Given data section start
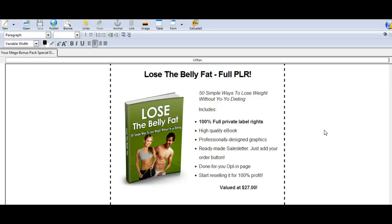Hi, this is Kim Phoenix of BiHealthPLR.com, and I wanted to show something to you that you may be having trouble with when you use Composer, when you're editing an HTML PLR page, and then you're trying to get it to show up with the images on your server, on your site.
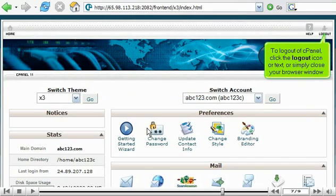To log out of cPanel, click the log out icon or text, or simply close your browser window.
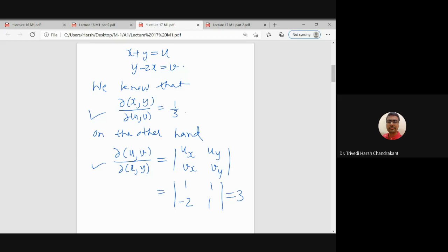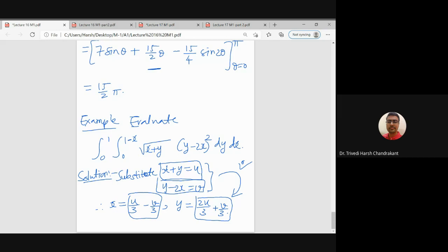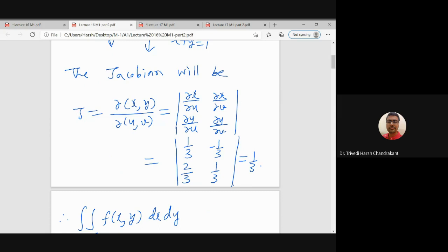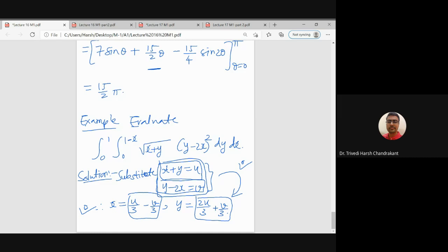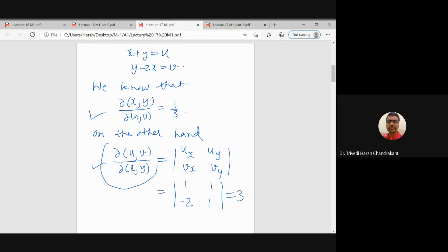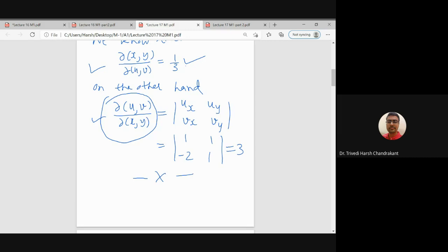This result holds for every substitution whenever our functions are partially differentiable. So if we cannot convert x and y as functions of u and v, we can directly find the other Jacobian, del(u,v)/del(x,y), and the required Jacobian del(x,y)/del(u,v) will simply be its inverse. This equation is very useful in such cases.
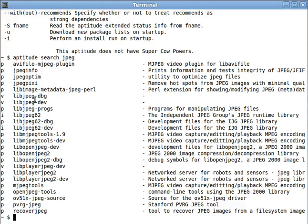All right, that sums it up for part two of our screencast series about setting up an awesome Python development environment. Stay tuned for part three, where we discuss the virtual ENV.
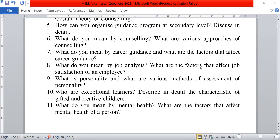Ninth question, what is personality? And what are the various methods of assessment of personality? Tenth, who are exceptional learners? Describe in detail the characteristics of gifted and creative children.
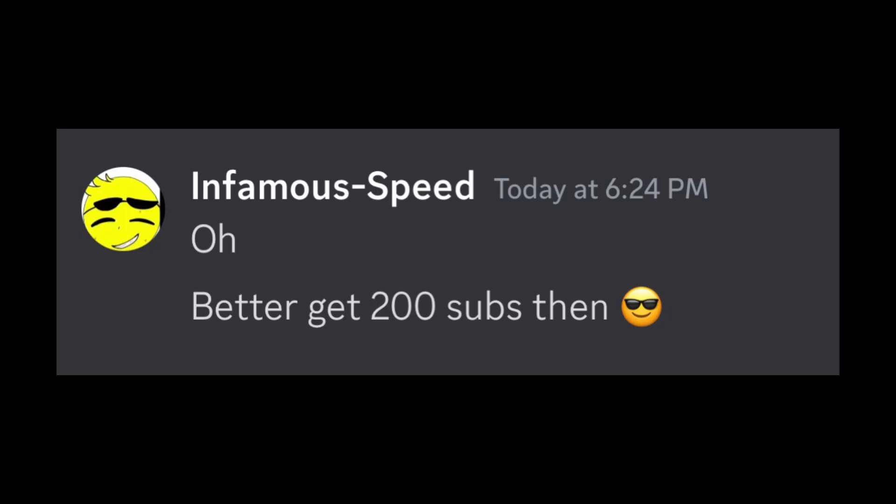If he can get to 200 subs very fast. So that's why I'm asking you guys to go subscribe to him right now, so we can get this episode out on board.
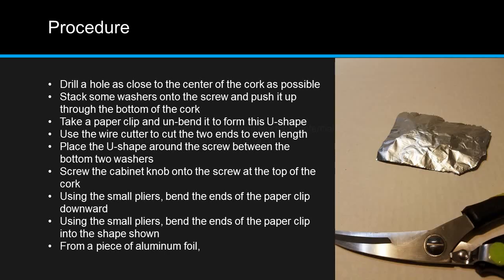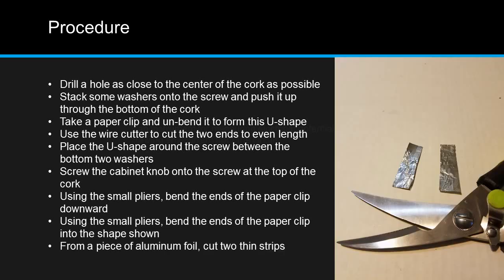Take a piece of aluminum foil and cut two thin strips, about two inches long.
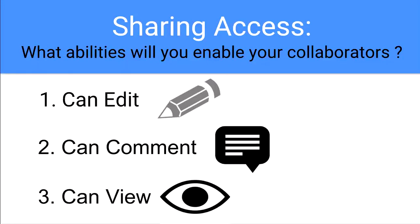Sharing access: what abilities will you enable your collaborators? After you make the decision to share a document, sharing access choices will appear. You'll have three different options for sharing a document with a collaborator. The first option is Can Edit, the second option is Can Comment, and the third option is Can View.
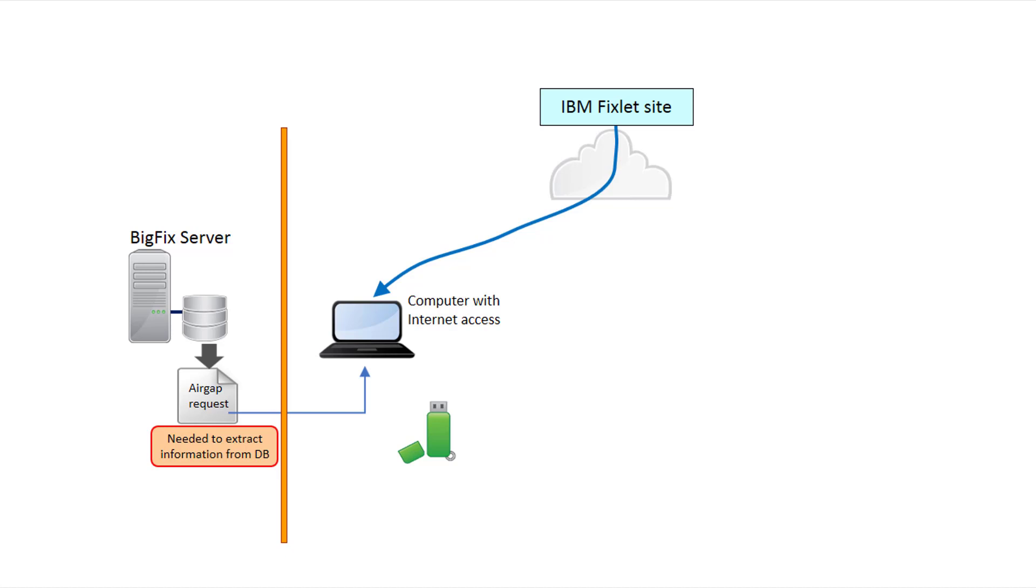Up to BigFix version 9.5 patch 4, the air-gap tool extracted files from the BigFix database with an air-gap request to gather site contents, and the best download cacher utility was used to download files referenced by fixlets in an air-gap response.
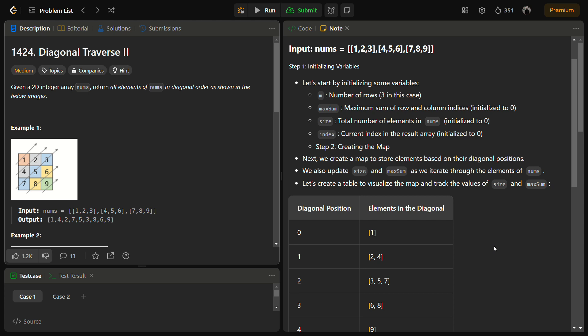Hello guys and welcome back to LeadLogix. This is Diagonal Traverse II, a LeetCode medium problem number 1424. In this question we are given a 2D integer array nums and we have to return all the elements of nums in diagonal order as shown in the given image.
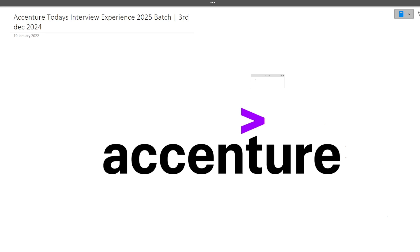Hi guys, welcome to Code Bashers. In this video I'll be discussing Accenture's latest interview experience. This interview happened today, on 3rd December 2024. Many of you have seen videos on YouTube that Accenture doesn't ask technical questions.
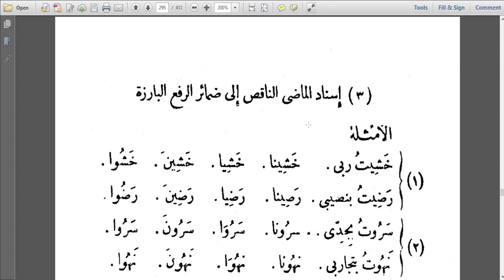Assalamu alaikum wa rahmatullahi wa barakatuhu. Insha'Allah, we look at our next topic in An-Nahu al-Wadih, our Arabic grammar.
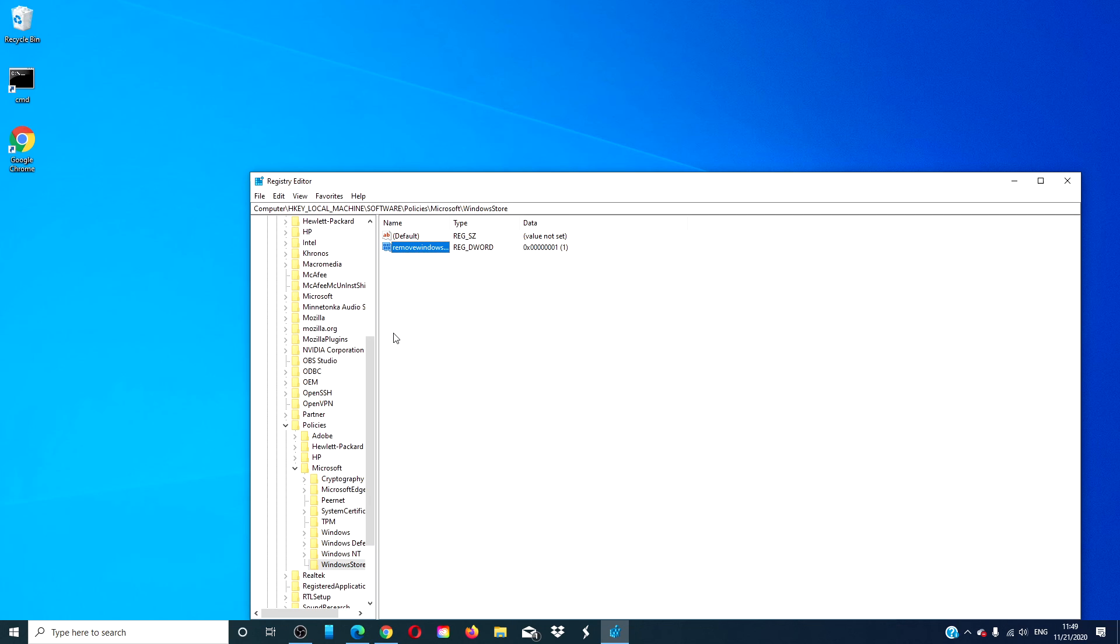After that, restart your computer. You will know that it is successful if you try to open the Windows Store and get the message that it is not available.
Given data section end
### Description of the task
Leave the images behind and write out every entry exactly.

### Exercise response
Hi, this is Kim Phoenix of BiHealthPLR.com, and I wanted to show something to you that you may be having trouble with when you use Composer, when you're editing an HTML PLR page, and then you're trying to get it to show up with the images on your server, on your site.
To log out of cPanel, click the log out icon or text, or simply close your browser window.
This result holds for every substitution whenever our functions are partially differentiable. So if we cannot convert x and y as functions of u and v, we can directly find the other Jacobian, del(u,v)/del(x,y), and the required Jacobian del(x,y)/del(u,v) will simply be its inverse. This equation is very useful in such cases.
All right, that sums it up for part two of our screencast series about setting up an awesome Python development environment. Stay tuned for part three, where we discuss the virtual ENV.
Ninth question, what is personality? And what are the various methods of assessment of personality? Tenth, who are exceptional learners? Describe in detail the characteristics of gifted and creative children.
If he can get to 200 subs very fast. So that's why I'm asking you guys to go subscribe to him right now, so we can get this episode out on board.
Take a piece of aluminum foil and cut two thin strips, about two inches long.
Sharing access: what abilities will you enable your collaborators? After you make the decision to share a document, sharing access choices will appear. You'll have three different options for sharing a document with a collaborator. The first option is Can Edit, the second option is Can Comment, and the third option is Can View.
Up to BigFix version 9.5 patch 4, the air-gap tool extracted files from the BigFix database with an air-gap request to gather site contents, and the best download cacher utility was used to download files referenced by fixlets in an air-gap response.
Hello guys and welcome back to LeadLogix. This is Diagonal Traverse II, a LeetCode medium problem number 1424. In this question we are given a 2D integer array nums and we have to return all the elements of nums in diagonal order as shown in the given image.
Hi guys, welcome to Code Bashers. In this video I'll be discussing Accenture's latest interview experience. This interview happened today, on 3rd December 2024. Many of you have seen videos on YouTube that Accenture doesn't ask technical questions.
Assalamu alaikum wa rahmatullahi wa barakatuhu. Insha'Allah, we look at our next topic in An-Nahu al-Wadih, our Arabic grammar.
After that, restart your computer. You will know that it is successful if you try to open the Windows Store and get the message that it is not available.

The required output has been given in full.